Let's say I have an 'unfair' coin, for which I'm interested in estimating the 'heads' likelihood or 'p' value.
Knowing nothing about the coin, the distribution of probable 'p' values is a uniform distribution from 0 to 1.
How can I update this distribution of probable 'p' values after observing X heads out of Y trials?
Seems like Bayesian is the natural approach here. Since prior of p is unif(0,1), posterior is Beta(X+1, Y-X+1) as already answered by jbowman.
So I'll add the details here. Let $x_i$, $i=1,\ldots,Y$ be the outcomes from coin tosses. Given: $\sum_{i=1}^Y x_i = X$, the number of heads. Let $\theta = Pr(X_i = 1)$, where we'll treat 'head' as 1. Therefore, the random variable $X_i \sim Bernoulli(\theta)$, with 'head' as the 'success'.
Given prior for $\theta$: $f(\theta) = 1 I(\theta \in (0,1))$, which is unif(0,1). Since $\sum_{i=1}^Y x_i$ is $Binomial(Y,\theta)$, the likelihood is $Pr(\sum_{i=1}^Y x_i = X) = K\theta^X(1-\theta)^{Y-X}$, where $K$ is $Y$ choose $X$.
Now, posterior of $\theta$: $f(\theta\mid D) = \frac{f(D\mid\theta)f(\theta)}{\int_{0}^{1}f(D\mid\theta)f(\theta)d\theta}$, where $D$ is $\sum_{i=1}^Y x_i$, the 'data'. Therefore, $f(\theta\mid D) = \frac{K\theta^X(1-\theta)^{Y-X}}{K\int_{0}^{1}\theta^{X}(1-\theta)^{Y-X}d\theta} = \frac{\theta^X(1-\theta)^{Y-X}}{Beta(X+1, Y-X+1)}$, which is the density function of the Beta distribution with parameters $X+1$ and $Y-X+1$. $Beta(,)$ is the Beta function.

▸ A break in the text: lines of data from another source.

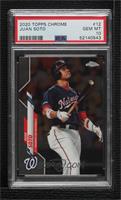 Juan Soto (Holding Bat) [PSA 10 GEM MT]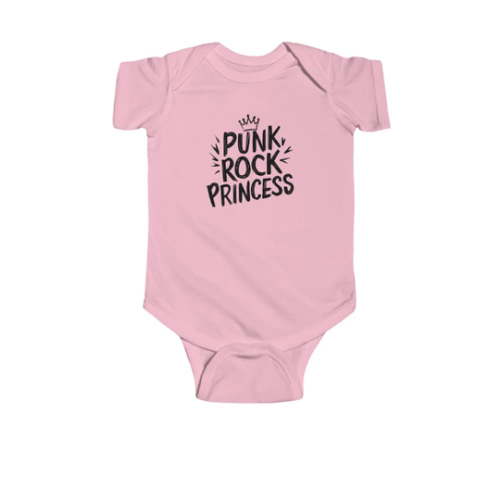 Punk Rock Princess - Onesie – ElderEmo.com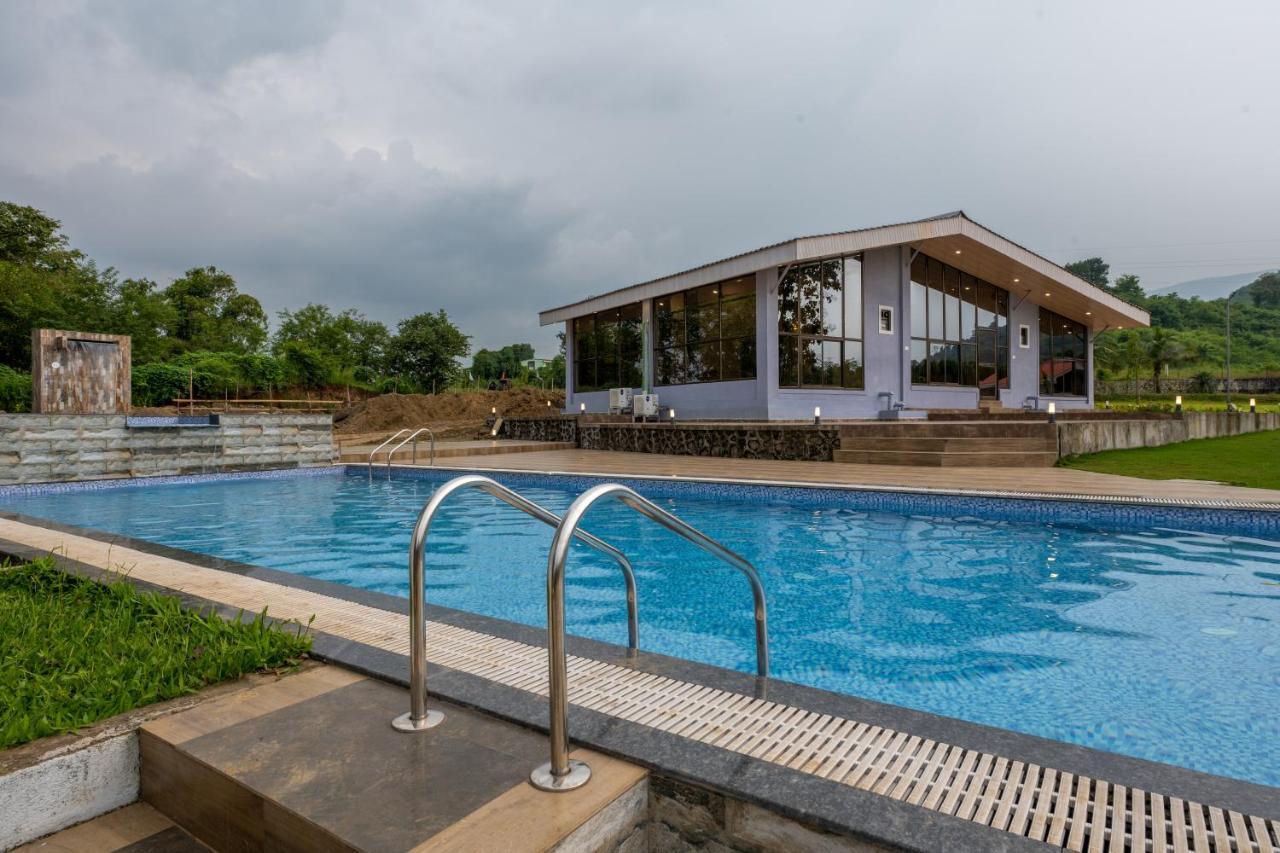Hillrock Resort & Villas, Neral-Karjat Exterior foto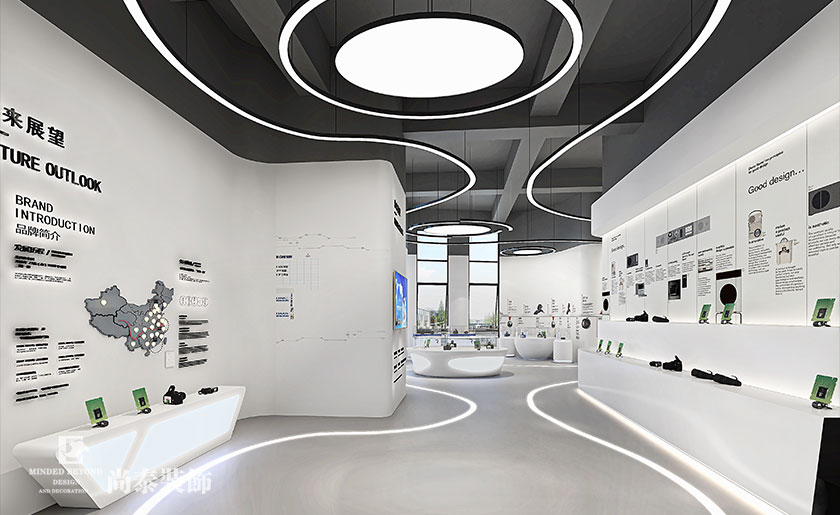 1200平米機(jī)器視覺科技公司辦公室裝修設(shè)計案例 | 富瑞姆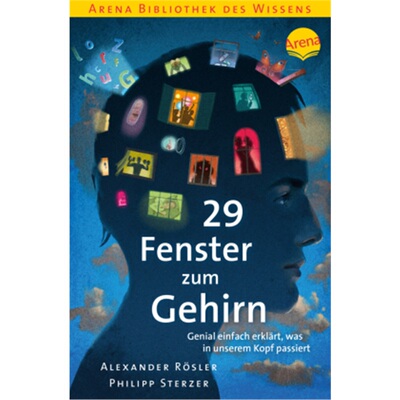 预订【德语】29 Fenster zum Gehirn[9783401604244]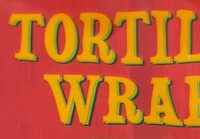 Tortilla wraps
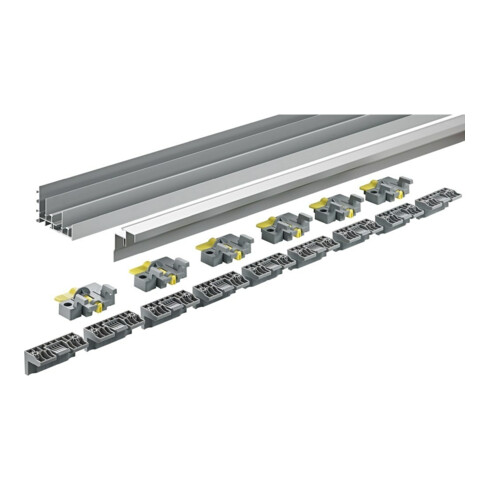 Laufprofil 4000mm silber HETTICH
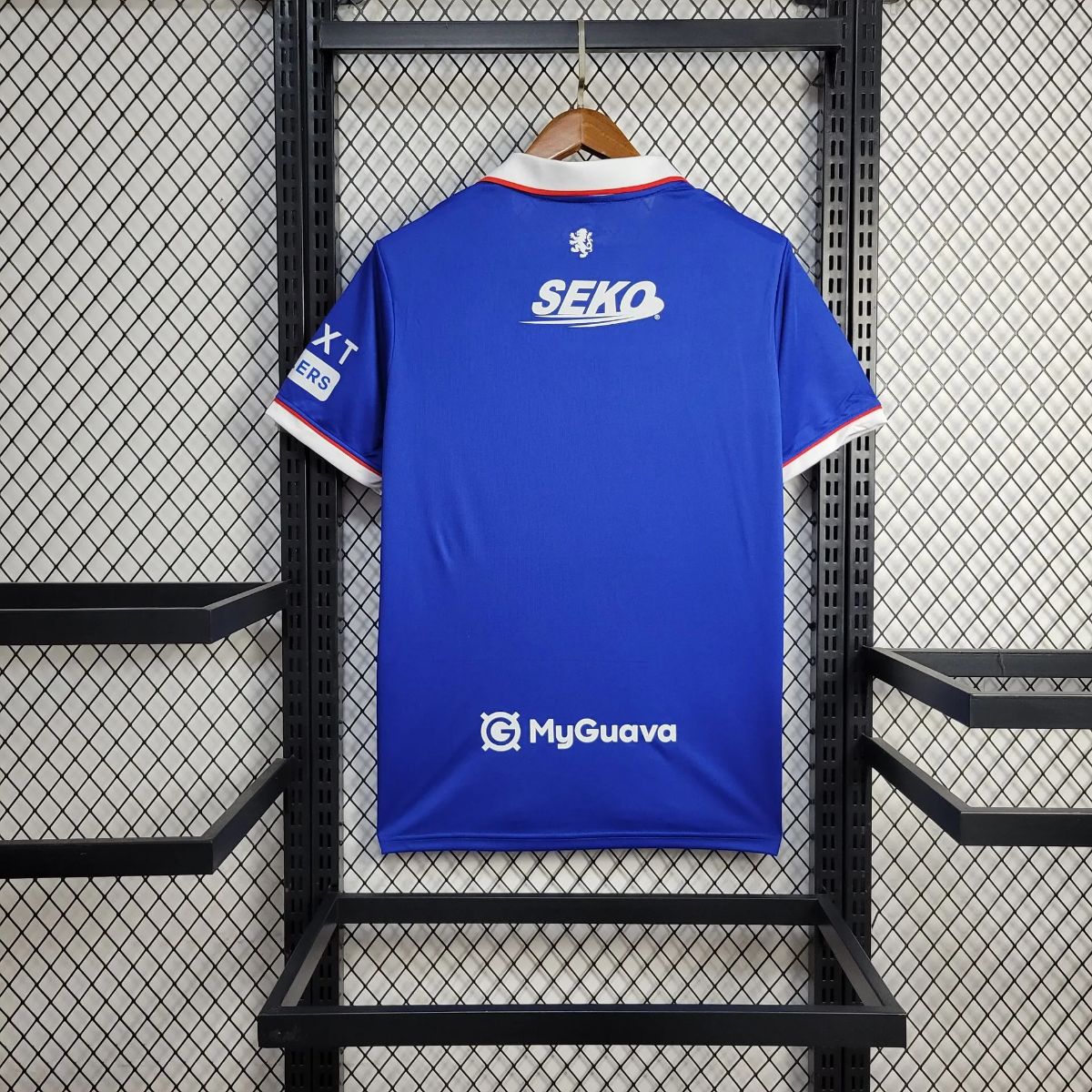 2025/26 Rangers Home Jersey Fan Version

I have gone through an example of updating the probability of $p$ after each observation, starting with a flat prior - with a graph of the posterior probability of $p$ after each update. Basically the same as the other 2 answers, but graphed it, and done sequentially after each new flip.